• _TASK GOAL_
Repeat the material below exactly, line for line.
______
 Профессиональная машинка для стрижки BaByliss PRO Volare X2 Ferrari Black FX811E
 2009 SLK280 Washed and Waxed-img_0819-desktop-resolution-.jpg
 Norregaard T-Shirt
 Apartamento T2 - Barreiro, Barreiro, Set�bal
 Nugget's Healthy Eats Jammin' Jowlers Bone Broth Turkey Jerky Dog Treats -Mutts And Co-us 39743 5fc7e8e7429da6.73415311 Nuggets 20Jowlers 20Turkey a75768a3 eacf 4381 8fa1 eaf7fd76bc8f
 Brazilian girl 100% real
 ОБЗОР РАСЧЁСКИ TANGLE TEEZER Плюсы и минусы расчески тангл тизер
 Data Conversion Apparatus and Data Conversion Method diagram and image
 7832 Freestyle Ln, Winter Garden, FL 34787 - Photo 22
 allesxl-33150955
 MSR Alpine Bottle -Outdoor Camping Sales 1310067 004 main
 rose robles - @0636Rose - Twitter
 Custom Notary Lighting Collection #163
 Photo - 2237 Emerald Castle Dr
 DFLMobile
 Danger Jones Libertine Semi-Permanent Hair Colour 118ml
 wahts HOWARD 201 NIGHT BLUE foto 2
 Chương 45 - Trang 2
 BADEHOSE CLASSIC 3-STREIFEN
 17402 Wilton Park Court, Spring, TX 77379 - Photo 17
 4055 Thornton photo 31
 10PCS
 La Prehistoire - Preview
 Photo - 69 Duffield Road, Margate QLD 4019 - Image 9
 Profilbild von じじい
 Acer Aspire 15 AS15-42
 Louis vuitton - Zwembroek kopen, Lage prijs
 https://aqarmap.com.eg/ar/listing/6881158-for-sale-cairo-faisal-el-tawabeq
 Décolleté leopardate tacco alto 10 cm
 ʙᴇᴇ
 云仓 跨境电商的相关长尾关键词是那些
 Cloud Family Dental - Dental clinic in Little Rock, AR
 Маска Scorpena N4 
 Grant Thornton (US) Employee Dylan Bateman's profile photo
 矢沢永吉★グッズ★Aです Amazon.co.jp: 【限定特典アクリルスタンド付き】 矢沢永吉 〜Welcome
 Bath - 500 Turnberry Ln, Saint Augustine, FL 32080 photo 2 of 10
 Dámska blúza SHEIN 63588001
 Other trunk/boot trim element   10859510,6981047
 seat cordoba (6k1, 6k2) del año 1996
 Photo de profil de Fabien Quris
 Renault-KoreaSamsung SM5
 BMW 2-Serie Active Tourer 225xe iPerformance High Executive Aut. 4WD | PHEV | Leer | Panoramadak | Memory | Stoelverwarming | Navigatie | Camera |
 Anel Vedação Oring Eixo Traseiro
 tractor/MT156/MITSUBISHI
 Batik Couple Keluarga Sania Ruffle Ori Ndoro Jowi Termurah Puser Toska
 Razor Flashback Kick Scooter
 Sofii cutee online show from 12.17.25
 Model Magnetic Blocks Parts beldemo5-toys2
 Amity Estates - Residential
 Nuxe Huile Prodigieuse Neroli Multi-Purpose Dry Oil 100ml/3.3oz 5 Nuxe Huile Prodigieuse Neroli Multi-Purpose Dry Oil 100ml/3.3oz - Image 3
______
• _PROBLEM SOLUTION_
 Профессиональная машинка для стрижки BaByliss PRO Volare X2 Ferrari Black FX811E
 2009 SLK280 Washed and Waxed-img_0819-desktop-resolution-.jpg
 Norregaard T-Shirt
 Apartamento T2 - Barreiro, Barreiro, Set�bal
 Nugget's Healthy Eats Jammin' Jowlers Bone Broth Turkey Jerky Dog Treats -Mutts And Co-us 39743 5fc7e8e7429da6.73415311 Nuggets 20Jowlers 20Turkey a75768a3 eacf 4381 8fa1 eaf7fd76bc8f
 Brazilian girl 100% real
 ОБЗОР РАСЧЁСКИ TANGLE TEEZER Плюсы и минусы расчески тангл тизер
 Data Conversion Apparatus and Data Conversion Method diagram and image
 7832 Freestyle Ln, Winter Garden, FL 34787 - Photo 22
 allesxl-33150955
 MSR Alpine Bottle -Outdoor Camping Sales 1310067 004 main
 rose robles - @0636Rose - Twitter
 Custom Notary Lighting Collection #163
 Photo - 2237 Emerald Castle Dr
 DFLMobile
 Danger Jones Libertine Semi-Permanent Hair Colour 118ml
 wahts HOWARD 201 NIGHT BLUE foto 2
 Chương 45 - Trang 2
 BADEHOSE CLASSIC 3-STREIFEN
 17402 Wilton Park Court, Spring, TX 77379 - Photo 17
 4055 Thornton photo 31
 10PCS
 La Prehistoire - Preview
 Photo - 69 Duffield Road, Margate QLD 4019 - Image 9
 Profilbild von じじい
 Acer Aspire 15 AS15-42
 Louis vuitton - Zwembroek kopen, Lage prijs
 https://aqarmap.com.eg/ar/listing/6881158-for-sale-cairo-faisal-el-tawabeq
 Décolleté leopardate tacco alto 10 cm
 ʙᴇᴇ
 云仓 跨境电商的相关长尾关键词是那些
 Cloud Family Dental - Dental clinic in Little Rock, AR
 Маска Scorpena N4 
 Grant Thornton (US) Employee Dylan Bateman's profile photo
 矢沢永吉★グッズ★Aです Amazon.co.jp: 【限定特典アクリルスタンド付き】 矢沢永吉 〜Welcome
 Bath - 500 Turnberry Ln, Saint Augustine, FL 32080 photo 2 of 10
 Dámska blúza SHEIN 63588001
 Other trunk/boot trim element   10859510,6981047
 seat cordoba (6k1, 6k2) del año 1996
 Photo de profil de Fabien Quris
 Renault-KoreaSamsung SM5
 BMW 2-Serie Active Tourer 225xe iPerformance High Executive Aut. 4WD | PHEV | Leer | Panoramadak | Memory | Stoelverwarming | Navigatie | Camera |
 Anel Vedação Oring Eixo Traseiro
 tractor/MT156/MITSUBISHI
 Batik Couple Keluarga Sania Ruffle Ori Ndoro Jowi Termurah Puser Toska
 Razor Flashback Kick Scooter
 Sofii cutee online show from 12.17.25
 Model Magnetic Blocks Parts beldemo5-toys2
 Amity Estates - Residential
 Nuxe Huile Prodigieuse Neroli Multi-Purpose Dry Oil 100ml/3.3oz 5 Nuxe Huile Prodigieuse Neroli Multi-Purpose Dry Oil 100ml/3.3oz - Image 3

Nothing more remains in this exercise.